Like I said LogReturns might work well as part of something else. In the last chart I posted, I plot the ZScore of the LogReturns and found it interesting. I'll be updating the ZScore code I have in the Elite downloads section with the code I used for the indi above this weekend.
The code for the ATRRainbow indicator is attached. Its one I threw together to compare with other things (like LogReturns) so it could probably be better. I'll post it in the downloads section after my usual comment/rethink period.
It is known that stock markets are asymmetrical (flat peaks and sharp troughs), it follows that (a moving average of) volatility declines in a rising market and increases during declines. The question is, whether volatility produces leading or conincident signals.
For the topping process I could not see any divergences, but for the bottoming process there is a clear divergence that can be seen on the weekly chart. The stock market makes a new low, but volatility (fear) does not reach new highs.
An alternative to historical voloatility would be implied volatility (VIX) or very basic, volume.

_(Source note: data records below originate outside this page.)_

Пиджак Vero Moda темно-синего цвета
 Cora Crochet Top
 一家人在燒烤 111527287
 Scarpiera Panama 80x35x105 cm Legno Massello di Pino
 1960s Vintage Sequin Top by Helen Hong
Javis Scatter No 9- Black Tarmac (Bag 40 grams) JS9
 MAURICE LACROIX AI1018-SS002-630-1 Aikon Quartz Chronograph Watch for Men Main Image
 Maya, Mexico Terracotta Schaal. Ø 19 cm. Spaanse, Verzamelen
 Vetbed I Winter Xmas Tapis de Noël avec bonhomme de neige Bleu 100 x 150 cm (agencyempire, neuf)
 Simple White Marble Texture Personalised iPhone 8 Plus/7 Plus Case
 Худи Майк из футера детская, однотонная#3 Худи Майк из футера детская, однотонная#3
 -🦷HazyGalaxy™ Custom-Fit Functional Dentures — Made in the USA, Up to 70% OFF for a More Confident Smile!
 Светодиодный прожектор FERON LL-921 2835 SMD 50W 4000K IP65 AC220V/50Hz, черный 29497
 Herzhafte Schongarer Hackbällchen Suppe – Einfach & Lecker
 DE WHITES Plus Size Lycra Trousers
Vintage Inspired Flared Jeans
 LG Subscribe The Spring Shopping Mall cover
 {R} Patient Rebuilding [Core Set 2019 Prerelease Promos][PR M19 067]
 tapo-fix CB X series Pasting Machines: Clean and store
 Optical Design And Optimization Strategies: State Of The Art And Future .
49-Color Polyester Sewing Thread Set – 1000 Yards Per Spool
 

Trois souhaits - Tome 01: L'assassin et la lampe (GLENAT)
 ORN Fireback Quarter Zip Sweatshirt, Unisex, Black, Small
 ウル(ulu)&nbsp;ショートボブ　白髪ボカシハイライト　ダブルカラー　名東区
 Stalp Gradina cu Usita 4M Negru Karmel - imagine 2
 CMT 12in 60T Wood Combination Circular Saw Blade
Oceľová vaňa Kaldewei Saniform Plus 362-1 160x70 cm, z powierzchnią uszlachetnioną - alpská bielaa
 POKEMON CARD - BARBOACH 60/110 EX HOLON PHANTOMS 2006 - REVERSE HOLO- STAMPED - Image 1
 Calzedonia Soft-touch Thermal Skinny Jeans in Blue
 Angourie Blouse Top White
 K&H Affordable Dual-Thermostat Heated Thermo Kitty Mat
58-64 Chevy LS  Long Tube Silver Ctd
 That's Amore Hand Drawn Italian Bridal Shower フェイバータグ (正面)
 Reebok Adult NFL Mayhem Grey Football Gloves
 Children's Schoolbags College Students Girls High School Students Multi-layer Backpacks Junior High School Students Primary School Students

The force index of Alexander Elder is one of the various indicators that would produce a divergence allowing to identify a low as well.
Comparing ATR (Rainbow) with VIX and force index may show similar results. They can identify climax type situations and produce divergences. So you can use them to identify stock market bottoms or commodity tops, as stock markets from sharp troughs and commodities sharp tops. But they would be unusable to detect stock market tops and commodity bottoms.
Would need to do some backtesting to check whether the divergences give us an edge, and whether ATR can beat VIX and/or volume.
Elders Force Index is a Price+Volume thing I believe. Here is how TOS does it:
Proper IV figures require an option price to calculate I believe, and that is dificult to code (for me) in NT. I can get NT to give me specific options prices if I set them up in Instrument Manager (I do that now with IQFeed), but there are better tools for that. So your reference to the VIX is interesting. If the VIX (and other index IV indexes) is our only source of IV data in NT, that is something to keep in mind.